Aber Margo wandte sich mir zu, was die Sache für sie anscheinend einfacher machte.
»Es geschah, nachdem Hadley einen Gastauftritt am Kennedy Center absolviert hatte, um Geld für das Washington Ballettzu sammeln. Damals war sie mit Billy zusammen. Nile mit Victorine.«
»Ihre Freundin, die andere Ballerina«, sagte ich.
»Ja. Sie war verrückt nach ihm. Sie gingen nach Washington, um Hadley tanzen zu sehen und sie nach Hause zu bringen.«
»Wo waren Sie?«
»In der Stadt«, erwiderte Margo. »Ich war damals das fünfte Rad am Wagen, aber hier also die Geschichte: Ich hätte hingehen können, aber Nile hatte einen kleinen Wagen – ein altes Jaguar Coupé, gelb –, und es war nicht genug Platz.
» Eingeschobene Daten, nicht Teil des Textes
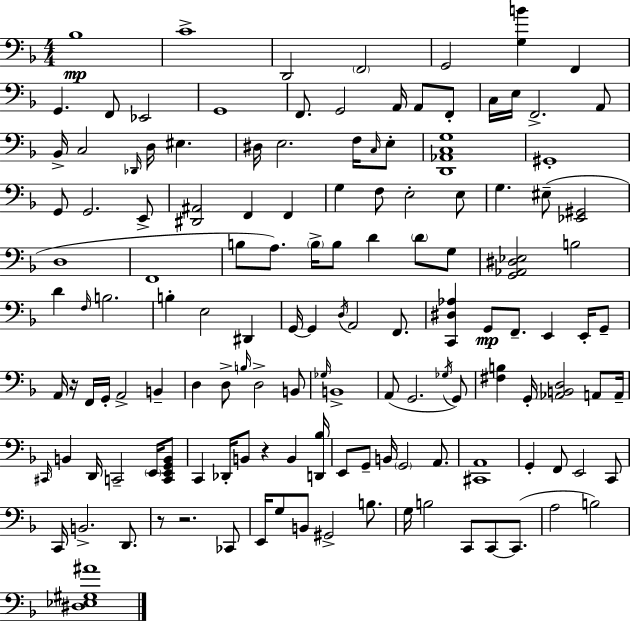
{
  \clef bass
  \numericTimeSignature
  \time 4/4
  \key f \major
  bes1\mp | c'1-> | d,2 \parenthesize f,2 | g,2 <g b'>4 f,4 | \break g,4. f,8 ees,2 | g,1 | f,8. g,2 a,16 a,8 f,8-. | c16 e16 f,2.-> a,8 | \break bes,16-> c2 \grace { des,16 } d16 eis4. | dis16 e2. f16 \grace { c16 } | e8-. <d, aes, c g>1 | gis,1-. | \break g,8 g,2. | e,8-> <dis, ais,>2 f,4 f,4 | g4 f8 e2-. | e8 g4. eis8--( <ees, gis,>2 | \break d1 | f,1 | b8 a8.) \parenthesize b16-> b8 d'4 \parenthesize d'8 | g8 <g, aes, dis ees>2 b2 | \break d'4 \grace { f16 } b2. | b4-. e2 dis,4 | g,16~~ g,4 \acciaccatura { d16 } a,2 | f,8. <c, dis aes>4 g,8\mp f,8.-- e,4 | \break e,16-. g,8-- a,16 r16 f,16 g,16-. a,2-> | b,4-- d4 d8-> \grace { b16 } d2-> | b,8 \grace { ges16 } b,1-> | a,8( g,2. | \break \acciaccatura { ges16 } g,8) <fis b>4 g,16-. <aes, b, d>2 | a,8 a,16-- \grace { cis,16 } b,4 d,16 c,2-- | \parenthesize e,16 <c, e, g, b,>8 c,4 des,16-. b,8 r4 | b,4 <d, bes>16 e,8 g,8-- b,16 \parenthesize g,2 | \break a,8. <cis, a,>1 | g,4-. f,8 e,2 | c,8 c,16 b,2.-> | d,8. r8 r2. | \break ces,8 e,16 g8 b,8 gis,2-> | b8. g16 b2 | c,8 c,8~~ c,8.( a2 | b2) <dis ees gis ais'>1 | \break \bar "|."
}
Ist das nicht komisch? Ich meine nicht komisch – ich meine …«
»Ironisch«, sagte ich.
»Ja, ich war zu groß. Also, sie waren fünfzig Kilometer draußen vor New York auf der Jersey Turnpike – es war Winter, es schneite, es war eisig, mitten in der Nacht. Nile war müde – aber niemand konnte ihm einen Vorwurf machen. Ein Bus kam ins Rutschen, es gab eine Massenkarambolage, und der Wagen hatte Totalschaden.«
Margo erhob sich vom Boden und ging langsam im Zimmer auf und ab, während sie weitersprach.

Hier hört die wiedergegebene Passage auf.